I got started with it because I have a friend who's allergic to all the over-the-counter antibiotic creams. I figured, she needs some tea tree oil! So I did some research on making a tea tree salve, looked up recipes, and whipped her up a batch.

I had fun making it, so I had to go and get fancy.

I infused some lavender and sage in olive oil for the second salve, as just a smell-good hand cream. The lavender scent didn't really seem to take very well, although I may have just been impatient. I only left it in for a couple days, but I also tried heating it on the stove for about a half hour... eventually I just added lavender essential oil, and then some vanilla extract. The smell is green and sweet, a little kitcheny but without really smelling like food.

There is kind of a trick to the oil infusing - you have to make sure all of the herbs are completely covered by the oil, because if the air gets to them they'll rot. (You also have to not forget about them.)

At some point I should probably start measuring my ingredients...

Wednesday, June 1, 2011

Attempts at Gardening

I have a horrible black thumb.

Every year I try to grow something, and every year I've met with repeated failures. The plants that I've shoved out in the lawn and left alone - a few crocuses, some daffodils, and a blueberry bush - have done fine. Anything I've tried to grow from seed and nurture? Withers. Rots. Gets knocked over by the cats.

Last year I had a brief glimpse of success - I had planted a pumpkin, too late in the season. I had it in a pot out on our deck. It flourished, flowered, and then froze.

This year I decided to try acorn squash, thinking that would be no problem since the pumpkin had (almost) done so well...

I started a seed in a little peat pellet indoors, then transferred it to that same pot the pumpkin had been in real quick once it sprouted. Real quick because the only places inside that are safe from the cats don't get enough sunlight, and I've had plenty of baby plants spend all their energy stretching for the light, and winding up all long and weak. Too quick because the next day, it was crushed. A bird, a squirrel, a stray twig, I don't know. However it happened, no more squash.

So then I tried planting a seed directly in the container. I'm not sure why I thought that would work any better. I waited and waited for it to sprout... then gave up and popped a few more in peat pellets. Right about the same time that the ones in the pellets came up, there was a sprout in the pot on the deck. I thought all was well and shoved the peat pellets outside on a ledge and forgot about them.

I was so proud of that little squash. It grew its first real leaves, got bigger and bigger, and I kept checking on it and taking pictures. I'd started it early enough, not too early (I live in New England) and everything was going to be great. It was a funny looking squash, but it was my squash and I loved it. Amazingly, the sprouts in the peat pellets were also still alive and growing. And they didn't look anything like what was growing in my container.

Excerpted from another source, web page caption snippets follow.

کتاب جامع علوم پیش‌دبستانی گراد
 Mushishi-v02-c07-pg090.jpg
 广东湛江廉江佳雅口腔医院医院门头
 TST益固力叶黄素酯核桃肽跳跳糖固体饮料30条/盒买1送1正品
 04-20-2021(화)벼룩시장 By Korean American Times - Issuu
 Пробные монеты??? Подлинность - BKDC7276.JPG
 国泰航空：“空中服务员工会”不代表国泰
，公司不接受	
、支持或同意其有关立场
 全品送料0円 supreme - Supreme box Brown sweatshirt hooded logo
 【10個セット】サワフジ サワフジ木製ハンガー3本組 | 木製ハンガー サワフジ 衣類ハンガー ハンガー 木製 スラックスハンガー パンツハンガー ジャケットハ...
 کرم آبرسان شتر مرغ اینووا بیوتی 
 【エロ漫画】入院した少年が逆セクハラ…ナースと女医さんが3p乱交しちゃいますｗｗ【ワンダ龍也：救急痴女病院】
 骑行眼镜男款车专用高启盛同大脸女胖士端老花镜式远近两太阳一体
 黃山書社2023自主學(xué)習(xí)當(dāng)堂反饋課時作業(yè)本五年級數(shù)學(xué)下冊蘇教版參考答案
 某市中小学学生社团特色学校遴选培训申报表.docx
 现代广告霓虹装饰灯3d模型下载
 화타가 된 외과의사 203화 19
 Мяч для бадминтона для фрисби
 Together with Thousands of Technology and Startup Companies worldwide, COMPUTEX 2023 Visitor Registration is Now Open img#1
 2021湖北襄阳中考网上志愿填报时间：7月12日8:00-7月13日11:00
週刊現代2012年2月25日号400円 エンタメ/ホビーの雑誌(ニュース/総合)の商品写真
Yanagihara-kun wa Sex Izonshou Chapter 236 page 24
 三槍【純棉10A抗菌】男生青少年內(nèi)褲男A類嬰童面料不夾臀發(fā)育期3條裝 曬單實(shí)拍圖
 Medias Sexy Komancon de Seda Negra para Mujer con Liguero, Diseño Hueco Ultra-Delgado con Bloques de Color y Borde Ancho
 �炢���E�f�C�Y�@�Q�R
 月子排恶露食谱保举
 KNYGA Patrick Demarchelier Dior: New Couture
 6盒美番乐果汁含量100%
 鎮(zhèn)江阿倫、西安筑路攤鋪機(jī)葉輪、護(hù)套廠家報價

To prove it to myself, I poked around in the dirt until I found it - the little, unsprouted squash seed. I evicted the volunteer and replaced it with another of the peat pellet sprouts. 

Not a squash.

 Then, we had a few days of heavy rain. I wasn't worried, because I made sure there was plenty of drainage in the container, and my squash made it through all right. Then we had a couple of hot days, and the poor thing dried up to a crisp. Its brother sprouts in the other pellets had drowned in the rain, so I'm back to square one.

Luckily I live in a fairly rural area with a lot of native herbs for wildcrafting. I also bought some mint that's survived so far.

But I feel a deep need to be able to eat something that I've grown myself from seed. Even better would be a second generation, grown from seeds I harvested off a plant I grew. I still have some peat pellets left.

I'll let you know how it goes...

(I should probably go check on the mint!)